How to Convert code to C++

Question

How to Convert code to C++

0yueyunfei0 opened this issue 4 years ago · 12 comments

Hi, I really like your code, your code works particularly well on our model, but now we need to deploy the model to TensorRT in C++, although a Pytorch model like pspnet can be converted very quickly, but how can a method like process_high_res_im be written with the api in TensorRT (C++), thanks a lot!

Answer 1 · 2021-03-19T03:28:54.000Z

Hi,

I don't have a lot of experience in TensorRT so my suggestion would probably be sub-optimal...
process_high_res_im is essentially just cropping/stitching -- I think these can be done in C++ (maybe OpenCV's GPU functions are sufficient) or with custom CUDA kernels. That means only converting the PSPNet part to be optimized by TensorRT while leaving the rest on vanilla C++/CUDA.

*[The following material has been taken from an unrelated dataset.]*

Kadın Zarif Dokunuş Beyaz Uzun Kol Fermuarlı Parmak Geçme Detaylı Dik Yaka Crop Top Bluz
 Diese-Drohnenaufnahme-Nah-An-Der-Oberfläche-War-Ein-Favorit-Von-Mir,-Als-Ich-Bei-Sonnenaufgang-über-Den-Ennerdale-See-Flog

Answer 2 · 2021-03-19T03:39:50.000Z

Thank you for your reply, I will try these suggestions and report back to you with progress

Answer 3 · 2021-03-20T12:56:59.000Z

Hi,

I don't have a lot of experience in TensorRT so my suggestion would probably be sub-optimal...
process_high_res_im is essentially just cropping/stitching -- I think these can be done in C++ (maybe OpenCV's GPU functions are sufficient) or with custom CUDA kernels. That means only converting the PSPNet part to be optimized by TensorRT while leaving the rest on vanilla C++/CUDA.

I've serialized Pytorch->onnx->TensorRT C++, rewritten most of the cropping/stitching using opencv, and rewritten AdaptiveAvgPool2d to accommodate the onnx operations.
After two days of attempts, I think I ran into two tricky problems.
One is the dynamically changing number of inputs during the forward of RefinementModule, because inter_s8=None, inter_s4=None are indeterminate.Although I solved the dynamic shape in tensorrt, I don't know how to solve the dynamic number of inputs.
Then there is the problem in the combined_224[:,:,start_y:end_y, start_x:end_x] += [grid_pred_224[:,:,pred_sy:pred_ey,pred_sx:pred_ex
I found a problem when debugging this sentence, pred_sy:pred_ey is larger than start_y:end_y, Causes copying large arrays to small arrays.
How can the above two problems be solved in C++?
Many thanks again, I'm sorry to bother you, but this code is really important to us.

Answer 4 · 2021-03-20T15:39:15.000Z

If you are following the global/local procedure, then there are only two types of forwards -- one with (img, seg) used in the global step, and the other with (img, seg, inter_s8) used in the local step. Maybe you can split our forward function into two versions, such that each one of them has a fixed number of inputs? If that is inducing extra memory cost, note that model.feats and model.psp are called (maybe multiple times) in all kinds of forwards -- so maybe they can be shared.
That should not happen. The two array sizes should always be the same or else even the python code would not work.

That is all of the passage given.